キャリアとしてのTu−kaの実力不足もありましたが、人が便利を無条件に望むなら、すべての端末に採用されたことでしょう。いまはイヤホンなどで提供されている程度です。

冷静に考えれば分かります。

「嫌いな上司の声まで体の内側から聞こえてくる」

のです。大好きな異性の声、目に入れても痛くない愛娘の声なら最高でしょうが、伸びっぱなしの鼻毛を想像する上司のだみ声が体に響くのです。嫌です。営業マンなら、客からのクレームの電話を文字通り「体で受け止める」など洒落にもなりません。

便利というのは必ずしも正しいとは限らず、すべての人が望むものではないということです。ちょろちょろテレビに登場する津田大介氏や佐々木俊尚氏は、ネットを肯定し便利を前提としての語りが多く、それが一般人に支持が拡がらない理由です。NHKの深夜枠といったマニア向け時間帯なら需要はあるでしょうがね。

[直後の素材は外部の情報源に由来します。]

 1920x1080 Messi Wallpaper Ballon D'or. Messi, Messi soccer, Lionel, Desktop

いきつけの眼鏡店では、希望の強制視力にしてくれません。例えば0.1を切っているような視力の人が、はじめてメガネを作る場合、0.6〜0.7ぐらいといったような矯正視力を奨めています。

それでも日常生活には充分で、反対に急に「見えすぎる」ようになると、目が痛くなったり、頭が痛くなったりするというのです。どうしてもと言えば、商売ですから矯正視力を上げることは可能ですが、「見える便利」とは人それぞれ違うのだというのです。

「便利はすべてに優るのか」

ネットはそろそろ規制すべきという立場。だからネットの便利はすべてに優ることはない、と提言します。

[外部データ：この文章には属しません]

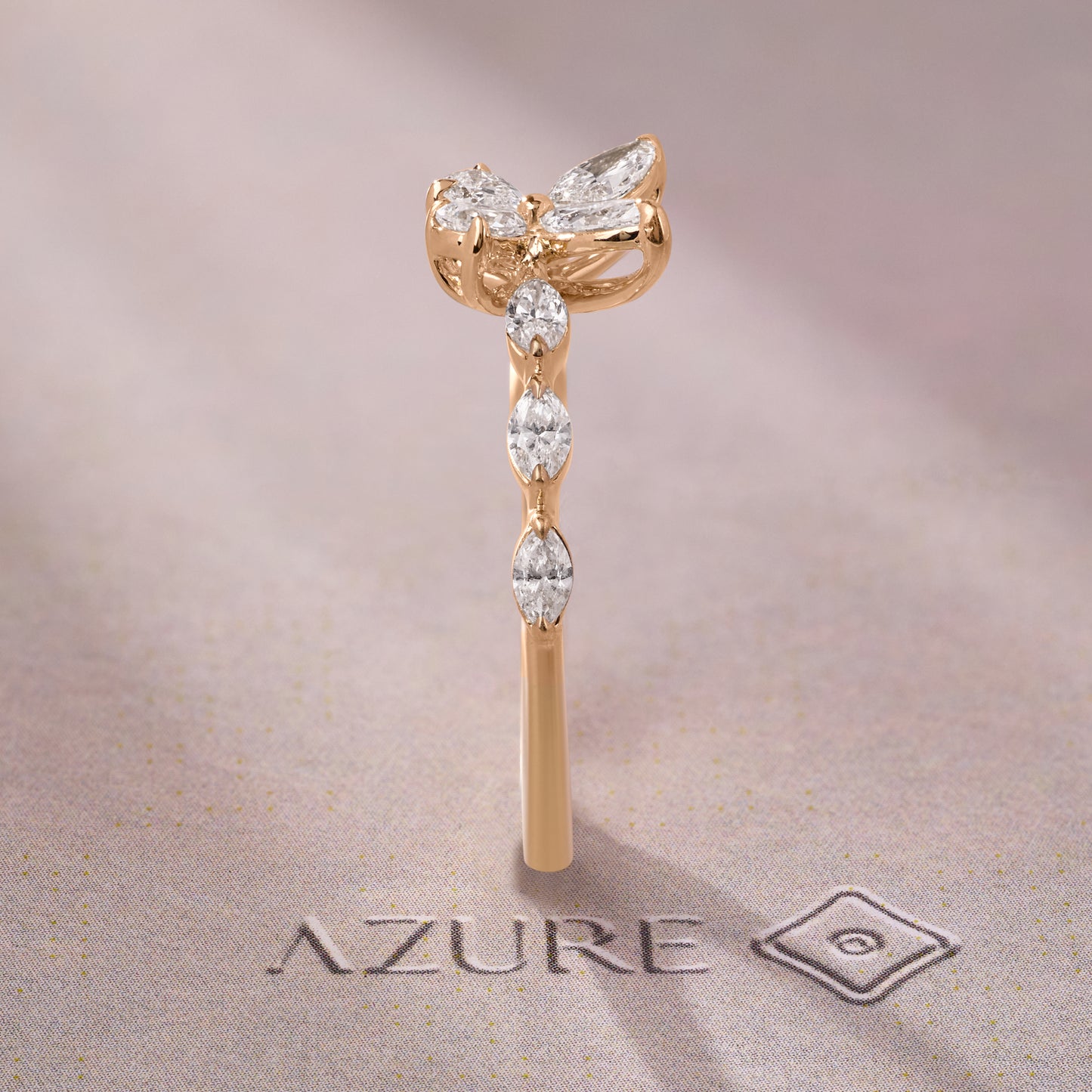 Pear & Marquise Diamond Ring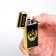 Gas lighter "USSR", piezo, golden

というより、そもそも便利は人により基準が異なる曖昧なもので、これを基準に社会システムを捉えた先に待つのは恐ろしいまでの全体主義で、社会の多様性などなくなります。一般的な便利の定義とは最適化、効率化されていることを意味するからです。

コンビニとファミレスという便利の前に、街から食堂が消えたように、大規模ホームセンターの登場により金物屋は店を畳みます。

八百屋なども青息吐息。これを時代の淘汰と呼ぶ人もいます。ならば、誰もがイトーヨーカドーやイオンに雇われる社会が健全な未来だというのでしょうか。すべての飲食店はガストとなり、街のパン屋はセブンイレブンに吸収合併されることがこの国に明るい未来をもたらすのでしょうか。

規制=官僚の既得権というのは思慮の浅い思考停止に過ぎず、規制とは弱者保護の性格を持つこともあり、ネット規制、スマホ規制は青少年の保護育成のためにおいて実施すべきなのです。

この視点に立てば「便利」はなにより優先されるものではないという結論が自明となります。

そして最後に「デジタルネイティブ」が社会の大半となったら・・・そのとき「本」を読む人がどれだけ残っているか。

読書離れはデバイスの問題ではありません。時間を潰し、余暇を楽しむのに「便利」なテレビやDVDにゲームに淘汰されつつあります。